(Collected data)
==================================================
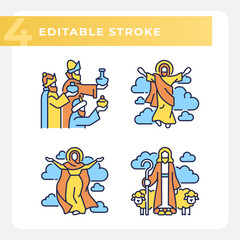 Religious scenes RGB color icons set. New testament. Biblical stories. Jesus Christ and Holy Mary. Isolated vector illustrations. Simple filled line drawings collection. Editable stroke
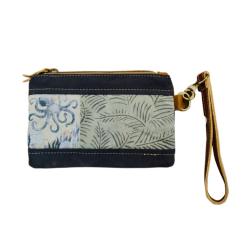 Purse / Pouch Canvas and Leather - Octopus 20x12.75cm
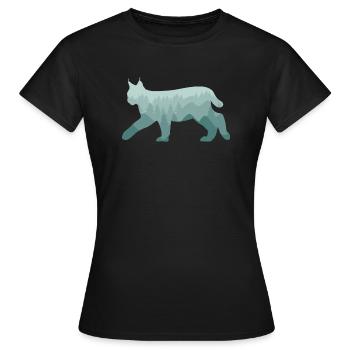 Luchs Rotluchs Wald Natur Landschaft Geschenk - Frauen T-Shirt - Schwarz - Vorne - AI Model Female 172 dark (172cm)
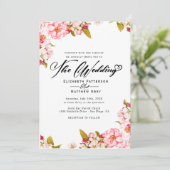 Botanische Hochzeitsfeier mit Wasserfarbe Sakura Einladung (Stehend Vorderseite)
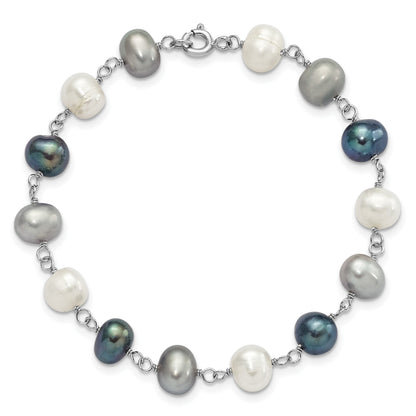 Sterling Silver Rhodium-plated 6-8mm White, Grey and Black Semi-Round Freshwater Cultured Pearl 18 inch Necklace and 7.25 inch Bracelet and 3-piece Button Post Earrings Set
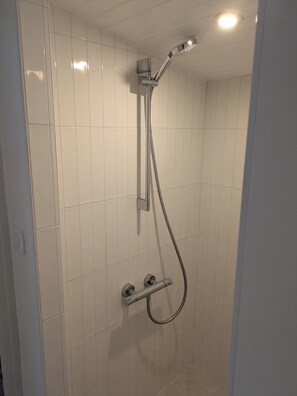 Dusche, Haartrockner, Handtücher, Toilettenpapier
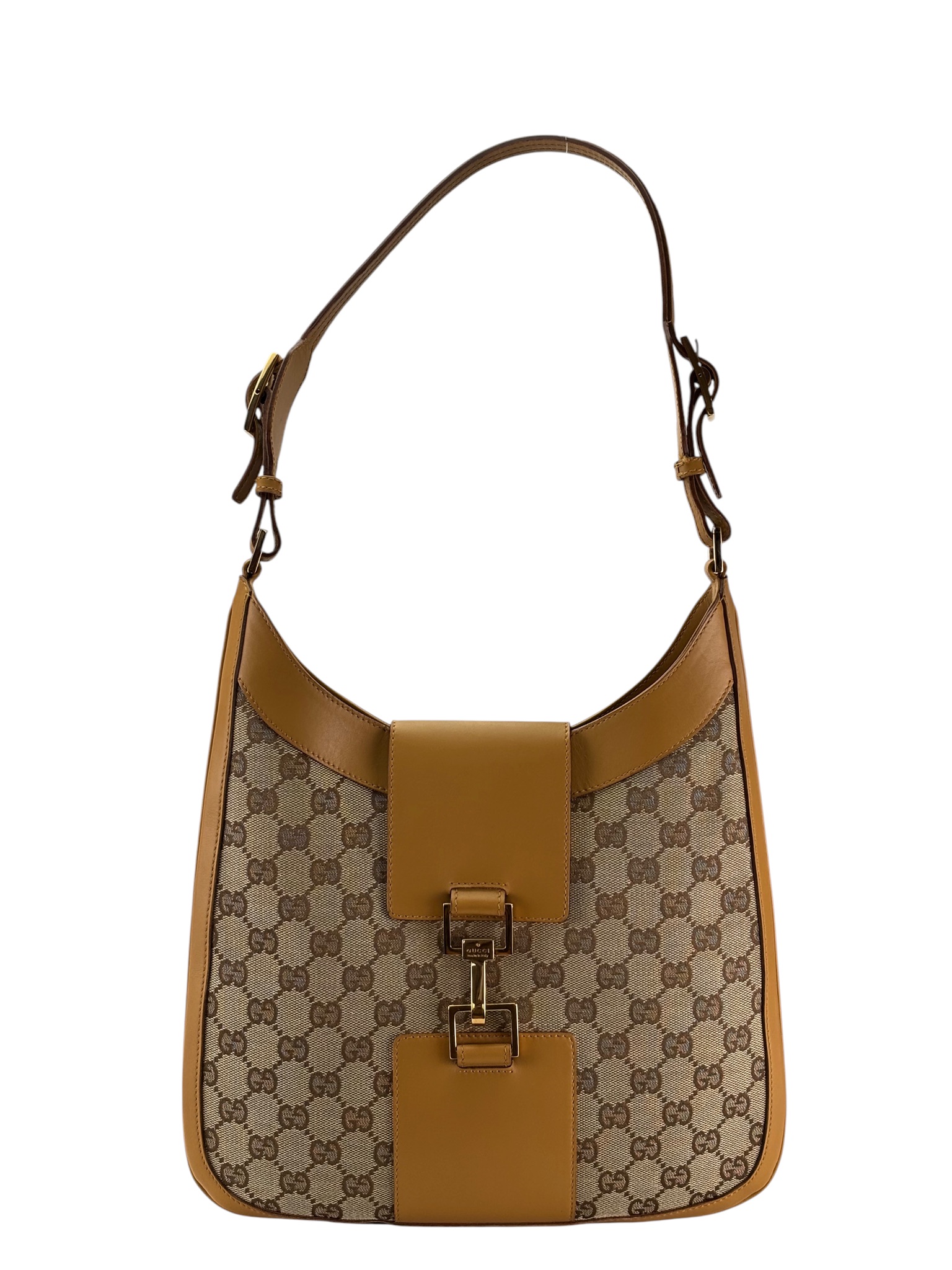 GUCCI - Beige Canvas Leather GG Shoulder Bag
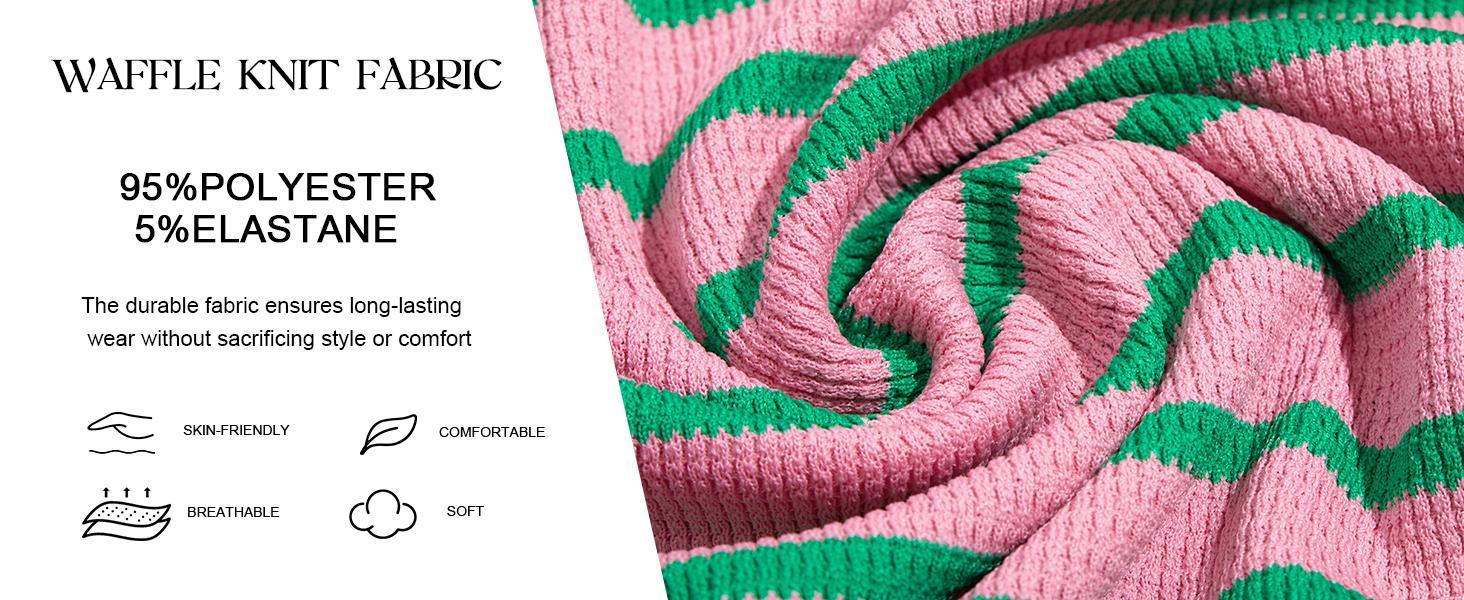 Imily Bela Womens Oversized Striped Sweatshirts Henley Shirts Color Block Casual Pullover Waffle Knit Tops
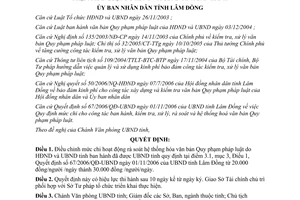 Quyết định 03/2007/QĐ-UBND chi rà soát hệ thống hóa văn bản quy phạm pháp luật Lâm Đồng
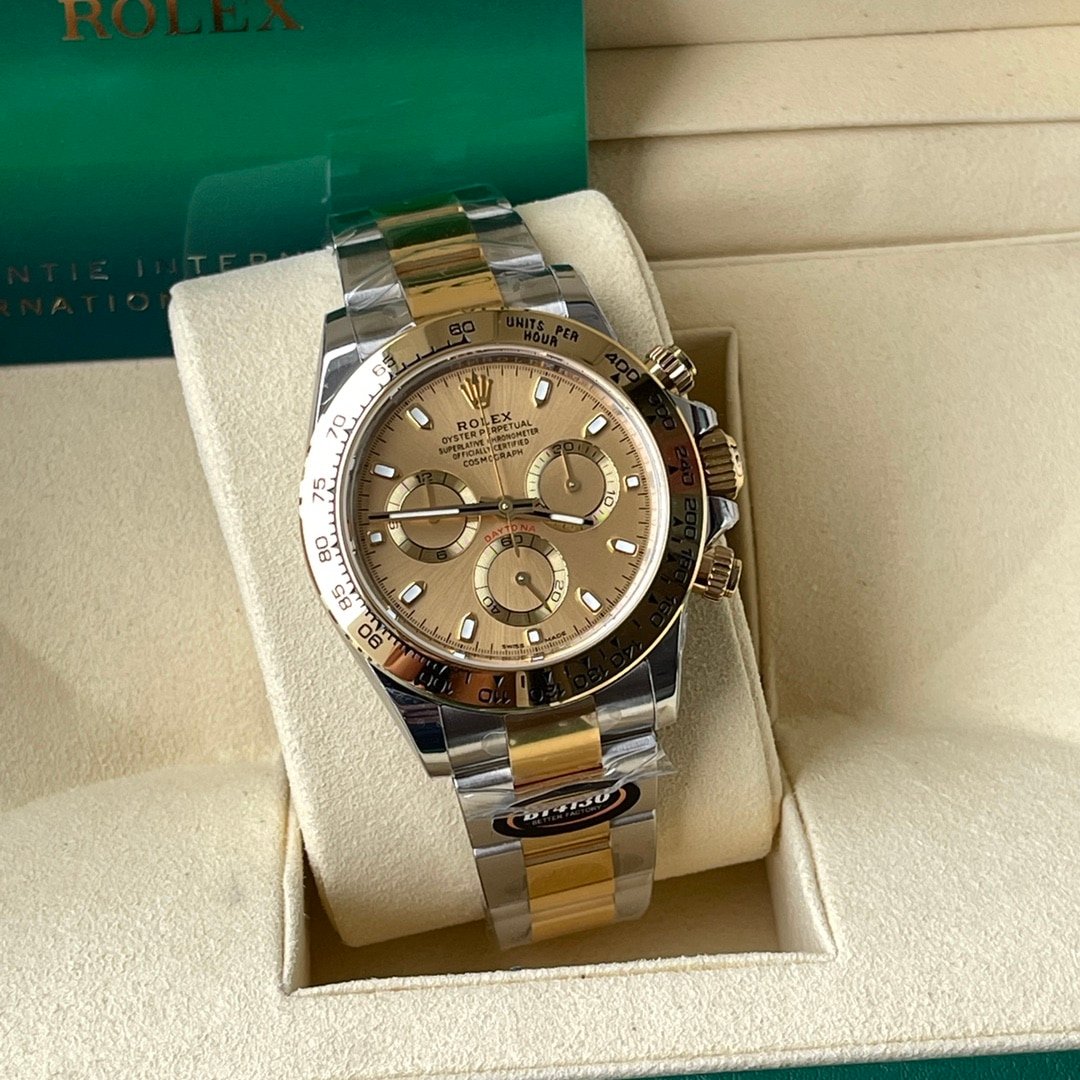 BT factory Rolex men's Daytona1:1super clone watch gold panda disc steel bracelet model m116503-0003front live photo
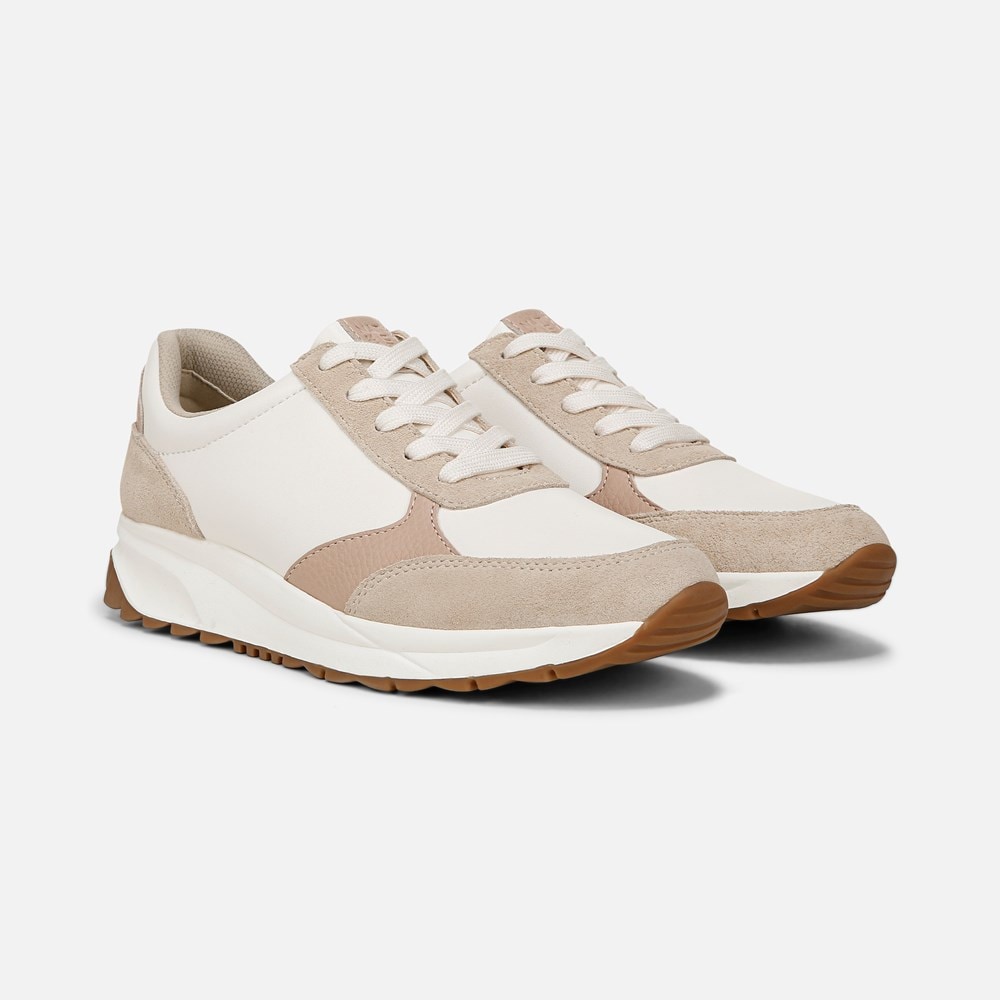 Naturalizer Shay Lace Up Sneaker - Warm White / Porcelain Suede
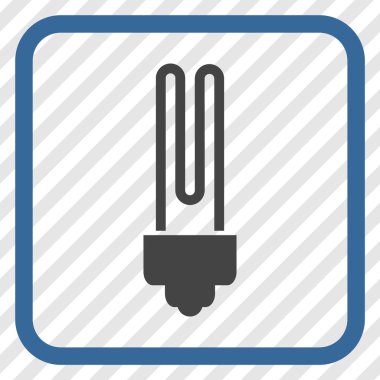 Floresan ampul vektör simgesi bir çerçeve içinde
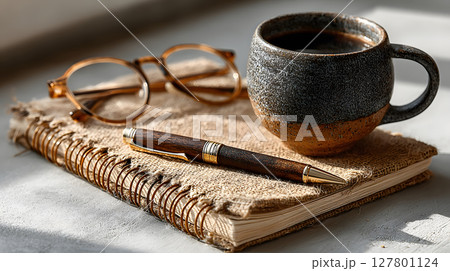 clean flat lay of a workspace with a notebook, pen, coffee cup, and glasses. Perfect for blogs, social media, and advertising visuals. clean flat lay of a workspace with a notebook, pen, coffee cup, and glasses. Perfect for blogs, social media, and advertising visuals. 127801124
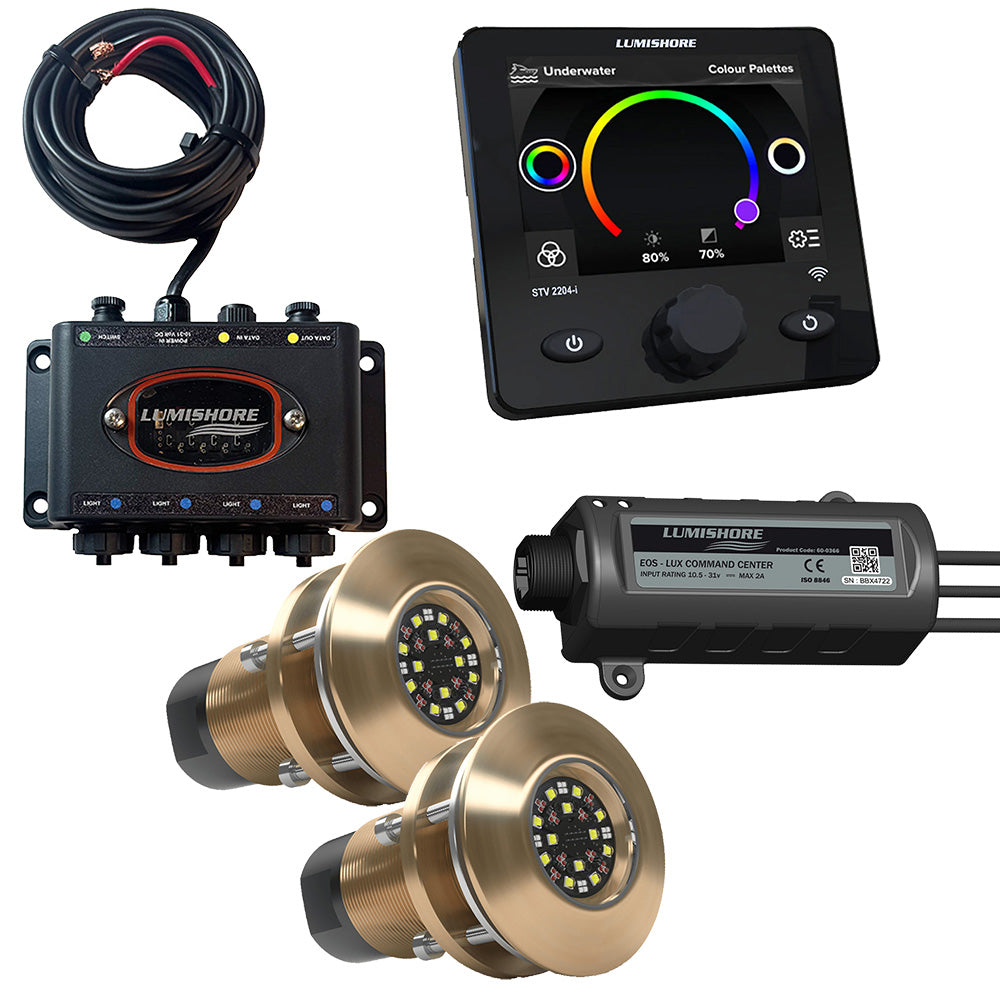Lumishore TIX404 EOS 2-Light RGBW Interchangeable Thru-Hull Underwater LED Lighting Kit with Hub, Command Center & Display (60-0560, 010-04531-00)
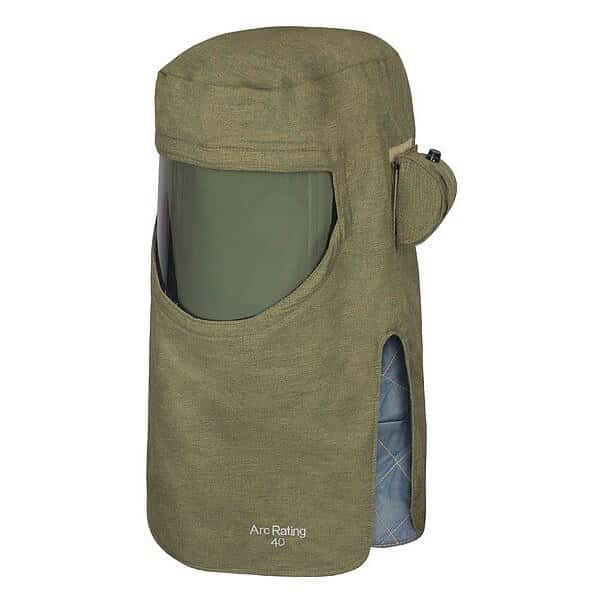 Arc Flash Hood, 4 PPE CAT, 40 cal/sq cm, Green, Universal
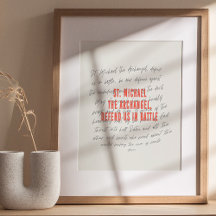 St Michael the Archangel Prayer Wall Art and Decor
==================================================
## Task to carry out:
Reproduce the lines above starting at the one with "Quyết định 03/2007/QĐ-UBND" and ending at the one with "Naturalizer Shay Lace", both included, exactly and with no pictures.

## Result below:
 Quyết định 03/2007/QĐ-UBND chi rà soát hệ thống hóa văn bản quy phạm pháp luật Lâm Đồng
 BT factory Rolex men's Daytona1:1super clone watch gold panda disc steel bracelet model m116503-0003front live photo
 Naturalizer Shay Lace Up Sneaker - Warm White / Porcelain Suede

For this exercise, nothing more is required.